Figure 1, as mentioned above, shows a complete scheme of the apparatus of the present invention, wherein the set of replaceable parts (A), for the case of using gas fuel or liquid fuel has been represented, but without the retaining plate. Thus, it shows an apparatus comprising:

one cylindrical combustion chamber (9) divided into two sections, one lower (11) and one upper (12) section,

one pressurized air chamber (26) constituted by a second cylinder (42), diameter of which is greater than the cylinder that forms the combustion chamber (9) and arranged below the lower section (11) of the combustion chamber,

a plurality of air injectors (14) that have a side aperture (14a) and an upper aperture (14b), and which are supported on a first flat ring (43) that forms the upper part of the pressurized air chamber (26) and set in a second flat ring (52), arranged in contact with the lower end of the first cylinder (9) that forms the combustion chamber,

a set of pieces, which happens to be the set of replaceable parts (A) of Figure 2 for the case of fuel in a gas or liquid state without retaining plate. Said set of pieces is arranged in the free center of both rings (43 and 52), at the lower end of the lower section (11) and consists of:

a first flat disc (13),

a second flat disc (44),

a central air injector (16),

a plurality of fuel injectors (19),

a fuel distributor (30),
 
a fuel supply tube (29) of the fuel distributor (30), and

a plurality of apertures (16'), around the central air injector (16)such that the first flat disc (13) is attached to the second flat ring (52) by an expansion joint (54): the second flat disc (44) forms the upper part of the fuel distributor (30) and is supported on the first flat ring (43) and parallel to the first flat disc (13); the fuel injectors (19) are arranged on the second flat disc (44) and passed through their corresponding holes in the first flat disc (13); the fuel distributor (30) is arranged below the fuel injectors (19); the central air injector is set between both flat discs (13 and 44), in the geometric center thereof; the plurality of apertures (16') is arranged in a circular distribution on the second flat disc (44) and around the central air injector (16). The fuel supply tube (29) although it is preferably located on a side of the fuel distributor (30) may admit any location that allows the entry of fuel in the fuel distributor (30). In addition, the holes in the first flat disc (13) through which the fuel injectors (19) pass have a diameter slightly larger than the diameter of the fuel Injectors (19) so as to allow the expansion of the flat disk (13) caused by high temperatures generated inside the combustion chamber.

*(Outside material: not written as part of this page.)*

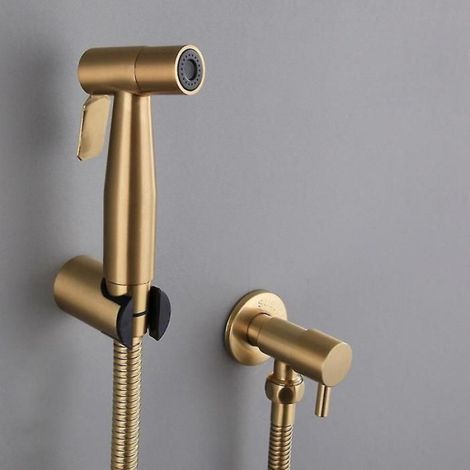 Badezimmer-bidet-armaturenset, Bidet-handbrause In Gebürstetem Gold Mit Absperrventil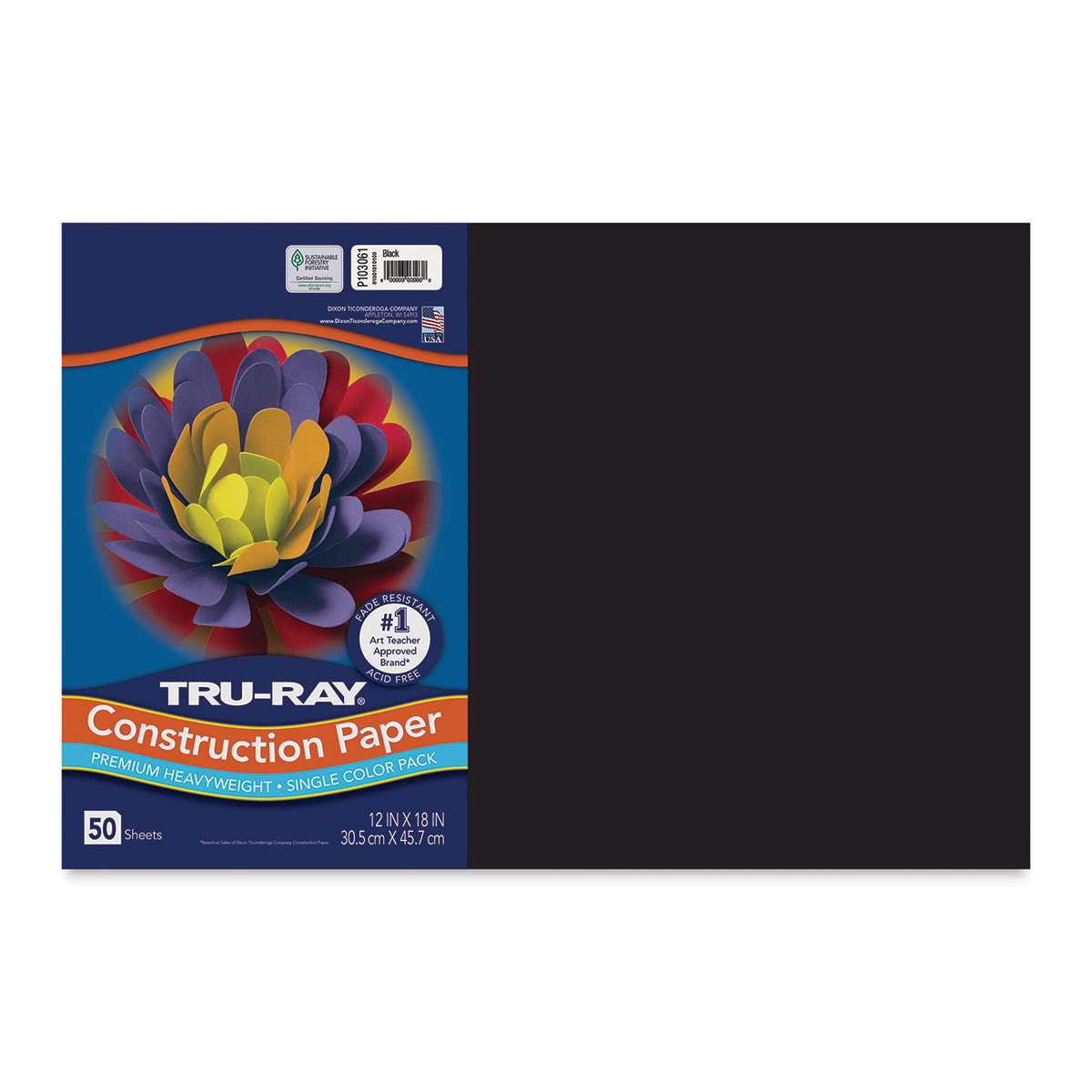 Tru-Ray 9 x 12 Construction Paper, Black/White, 144 Sheets/Pack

[0055] Furthermore, in Figure 1 at least one fan (63) located below the lower area of the pressurized air chamber (26) is represented.

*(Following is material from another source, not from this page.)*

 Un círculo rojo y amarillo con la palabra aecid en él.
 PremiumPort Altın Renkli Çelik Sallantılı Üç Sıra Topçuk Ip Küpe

[0056] Figure 1 also represents some arrows indicating the direction of the air flows. Thus, the pressurized air chamber (26) provides pressurized air (18) to the plurality of air injectors (14) and to the central air injector (16). Each air injector (14) has a side aperture (14a) and an upper aperture (14b), so that the side aperture (14a) allows injecting air flows in a substantially horizontal direction (2) into the lower section (11) of the combustion chamber. The upper aperture (14b) allows, in turn, injecting air flows in a substantially vertical direction (15) into the lower section (11) of the combustion chamber. And, the central air injector (16) injects an air flow in a substantially vertical direction (17) into the lower section (11) of the combustion chamber. In this way it ensures that the combined action of all air flows (2, 15 and 17) produces an upward rotational air flow In the lower section (11) of the cylinder (9) that forms the combustion chamber.

[0057] Being the scheme in Figure 1 a preferred embodiment, it also considers the presence of pressure relief holes (21) in the walls of the upper section (12) of the cylinder (9) that forms the combustion chamber.

[0058] Also, by being a preferred embodiment, the third flat ring (10), splitting the two sections (11 and 12) of the cylinder (9) that forms the combustion chamber, is represented.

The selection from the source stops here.